Mark Linsey wants three commercially-minded executives to oversee the core programme genres at BBC Studios, the BBC’s new production arm.
A number of top-ranking execs, all of whom come from a production background, have left since Studios went live ahead of the reorganisation, which was announced internally yesterday.
Linsey, director of BBC Studios (pictured), has in effect reversed the structure Peter Salmon had put in place before announcing he was exiting to become Endemol Shine Group’s chief creative officer.
It is understood Linsey believes there are too many layers of creative leadership at the BBC, and that the new business-minded genre chiefs will help various groups of producers – which he describes internally as “families” – to thrive while creating more commercially-viable content.
“Mark wants to free up creatives who are supported by executives with strong business backgrounds,” the BBC told TBI.
BBC Studios was designed to replace BBC Productions following a root-and-branch review by BBC director general Tony Hall.
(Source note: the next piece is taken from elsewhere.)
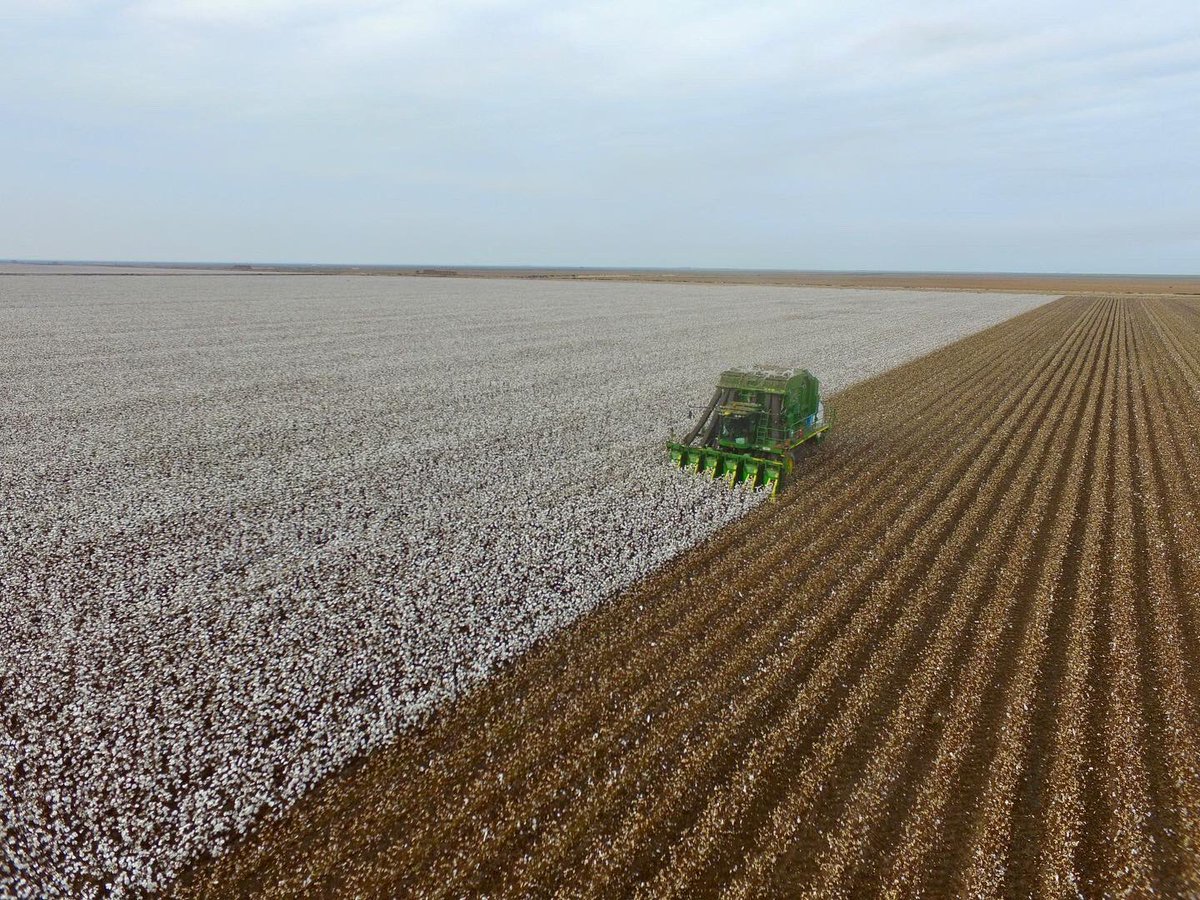 Liam Whitbourne tweet media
Its establishment is thought to be the first part of a plan to commercialise the production.
Plans have already been outlined to eventually allow the BBC to produce programming for rival broadcasters, in exchange for a larger proportion of BBC commissions going to indies and rival producers.
However, the studio has been beset with problems, with various executives leaving as uncertainly over the pubcaster’s future spreads.
This all comes as the British Conservative government increasingly pressurises the BBC to cut costs and change its operating structure.